Der Finanzmarkt als Katalysator

Diese Entwicklung bleibt nicht ohne Folgen für die Finanzierungsstrategien der Unternehmen. Banken beginnen, ESG-Kriterien (Environmental, Social, Governance) in ihre Risikobewertungen zu integrieren. Wer keine belastbaren Nachhaltigkeitsdaten vorlegen kann, wird künftig mit höheren Kapitalkosten rechnen müssen. Was als freiwillige Maßnahme begann, wird zum systemischen Imperativ: Ohne evidenzbasiertes Nachhaltigkeitsmanagement geraten Unternehmen in eine strukturelle Wettbewerbsnachteile.

Der Green Monday hat sich als Forum dieser Entwicklung etabliert. Er ist nicht mehr nur eine Veranstaltung, sondern ein kollektives Experiment der Community, die sich um das Smarter Service Institut gebildet hat. Hier treffen sich Unternehmen, Forscher, Praktiker und Vordenker, um aus der Summe ihrer Erfahrungen ein Modell für die Zukunft zu formen.

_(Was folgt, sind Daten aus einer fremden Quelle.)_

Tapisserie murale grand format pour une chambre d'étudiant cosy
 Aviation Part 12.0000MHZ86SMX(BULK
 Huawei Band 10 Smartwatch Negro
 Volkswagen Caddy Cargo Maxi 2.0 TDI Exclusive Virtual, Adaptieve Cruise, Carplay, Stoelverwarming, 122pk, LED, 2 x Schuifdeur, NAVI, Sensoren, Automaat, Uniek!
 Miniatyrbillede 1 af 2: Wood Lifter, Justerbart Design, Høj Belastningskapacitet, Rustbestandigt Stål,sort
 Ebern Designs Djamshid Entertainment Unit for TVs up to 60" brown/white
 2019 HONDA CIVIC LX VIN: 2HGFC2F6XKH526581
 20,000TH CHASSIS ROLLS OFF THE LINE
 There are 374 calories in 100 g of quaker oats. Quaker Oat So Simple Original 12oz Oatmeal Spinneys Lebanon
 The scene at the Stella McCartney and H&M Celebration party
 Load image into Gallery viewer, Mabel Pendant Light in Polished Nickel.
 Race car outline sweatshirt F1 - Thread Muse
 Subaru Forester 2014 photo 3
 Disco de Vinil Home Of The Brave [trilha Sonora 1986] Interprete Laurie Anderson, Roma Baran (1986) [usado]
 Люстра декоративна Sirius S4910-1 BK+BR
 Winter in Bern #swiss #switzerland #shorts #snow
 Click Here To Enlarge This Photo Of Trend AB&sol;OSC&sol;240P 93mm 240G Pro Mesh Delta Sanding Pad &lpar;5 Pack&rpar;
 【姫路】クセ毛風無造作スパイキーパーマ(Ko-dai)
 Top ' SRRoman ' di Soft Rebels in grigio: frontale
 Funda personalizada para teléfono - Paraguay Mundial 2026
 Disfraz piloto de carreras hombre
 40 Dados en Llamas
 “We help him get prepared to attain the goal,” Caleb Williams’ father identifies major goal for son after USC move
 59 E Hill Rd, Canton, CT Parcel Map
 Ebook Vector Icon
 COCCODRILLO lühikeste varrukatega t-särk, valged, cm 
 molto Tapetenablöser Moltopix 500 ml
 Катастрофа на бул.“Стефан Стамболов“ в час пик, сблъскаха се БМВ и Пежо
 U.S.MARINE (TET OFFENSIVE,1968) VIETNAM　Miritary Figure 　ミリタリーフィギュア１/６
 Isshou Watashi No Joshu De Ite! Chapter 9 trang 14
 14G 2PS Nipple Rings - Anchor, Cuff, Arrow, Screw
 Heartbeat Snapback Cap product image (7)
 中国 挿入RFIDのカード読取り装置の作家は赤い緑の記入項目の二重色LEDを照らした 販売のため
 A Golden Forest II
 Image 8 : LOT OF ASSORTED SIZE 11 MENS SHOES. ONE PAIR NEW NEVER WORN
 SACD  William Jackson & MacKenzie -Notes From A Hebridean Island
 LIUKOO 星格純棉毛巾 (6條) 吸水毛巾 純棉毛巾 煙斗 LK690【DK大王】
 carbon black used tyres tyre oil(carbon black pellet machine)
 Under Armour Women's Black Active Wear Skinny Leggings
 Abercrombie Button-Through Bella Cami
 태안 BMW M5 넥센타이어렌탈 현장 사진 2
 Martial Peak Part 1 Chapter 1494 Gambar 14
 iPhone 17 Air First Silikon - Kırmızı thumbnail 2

Die nächste Stufe dieser Entwicklung ist absehbar: Die Verbindung von Nachhaltigkeitsdaten mit KI-gestützten Entscheidungssystemen, die nicht nur messen, sondern auch vorausschauend steuern. Der Green Monday hat bewiesen, dass die Debatte über Nachhaltigkeit längst keine moralische ist. Sie ist eine Frage der Daten – und derjenigen, die sie zu nutzen wissen.